WHAT TO WORK ON:
Reproduce exactly the lines of the listing from the one containing "Multi colored scalloped" to its final line, both included.

EXTRACTED RECORDS:
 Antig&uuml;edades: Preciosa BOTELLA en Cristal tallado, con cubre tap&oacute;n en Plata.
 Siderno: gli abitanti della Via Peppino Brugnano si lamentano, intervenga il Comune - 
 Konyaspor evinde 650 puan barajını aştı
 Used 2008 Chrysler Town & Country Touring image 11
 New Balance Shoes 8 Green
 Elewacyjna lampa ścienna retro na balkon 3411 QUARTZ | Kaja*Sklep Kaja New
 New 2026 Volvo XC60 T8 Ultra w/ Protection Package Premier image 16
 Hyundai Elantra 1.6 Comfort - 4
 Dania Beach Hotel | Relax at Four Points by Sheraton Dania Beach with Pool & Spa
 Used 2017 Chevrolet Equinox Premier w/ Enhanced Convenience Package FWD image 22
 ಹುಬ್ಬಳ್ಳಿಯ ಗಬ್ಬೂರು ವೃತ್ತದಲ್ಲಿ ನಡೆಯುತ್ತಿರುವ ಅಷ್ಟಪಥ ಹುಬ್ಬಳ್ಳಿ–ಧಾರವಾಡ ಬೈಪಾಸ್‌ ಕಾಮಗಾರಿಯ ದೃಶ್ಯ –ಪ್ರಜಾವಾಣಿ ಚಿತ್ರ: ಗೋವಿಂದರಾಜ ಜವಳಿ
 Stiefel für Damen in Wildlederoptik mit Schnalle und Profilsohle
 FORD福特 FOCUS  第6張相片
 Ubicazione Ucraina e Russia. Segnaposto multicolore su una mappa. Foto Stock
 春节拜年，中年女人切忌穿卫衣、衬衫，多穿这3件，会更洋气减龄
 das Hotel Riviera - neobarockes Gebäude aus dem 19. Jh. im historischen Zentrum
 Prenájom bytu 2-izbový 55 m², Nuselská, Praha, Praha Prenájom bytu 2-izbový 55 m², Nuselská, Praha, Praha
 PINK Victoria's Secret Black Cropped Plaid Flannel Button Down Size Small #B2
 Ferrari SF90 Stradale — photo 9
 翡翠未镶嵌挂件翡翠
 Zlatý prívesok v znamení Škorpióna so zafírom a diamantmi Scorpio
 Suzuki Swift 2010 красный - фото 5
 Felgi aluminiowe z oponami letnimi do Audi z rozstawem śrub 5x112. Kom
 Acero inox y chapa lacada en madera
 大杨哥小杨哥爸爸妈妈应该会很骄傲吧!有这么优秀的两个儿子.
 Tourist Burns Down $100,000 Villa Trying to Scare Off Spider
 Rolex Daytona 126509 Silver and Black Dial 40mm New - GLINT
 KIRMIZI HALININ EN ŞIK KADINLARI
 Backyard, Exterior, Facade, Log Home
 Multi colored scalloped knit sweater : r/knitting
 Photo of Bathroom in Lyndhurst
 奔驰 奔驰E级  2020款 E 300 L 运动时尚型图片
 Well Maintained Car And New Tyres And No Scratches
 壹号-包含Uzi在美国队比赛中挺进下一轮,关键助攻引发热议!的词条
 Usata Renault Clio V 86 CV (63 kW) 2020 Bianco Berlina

WRITTEN SOLUTION:
 Multi colored scalloped knit sweater : r/knitting
 Photo of Bathroom in Lyndhurst
 奔驰 奔驰E级  2020款 E 300 L 运动时尚型图片
 Well Maintained Car And New Tyres And No Scratches
 壹号-包含Uzi在美国队比赛中挺进下一轮,关键助攻引发热议!的词条
 Usata Renault Clio V 86 CV (63 kW) 2020 Bianco Berlina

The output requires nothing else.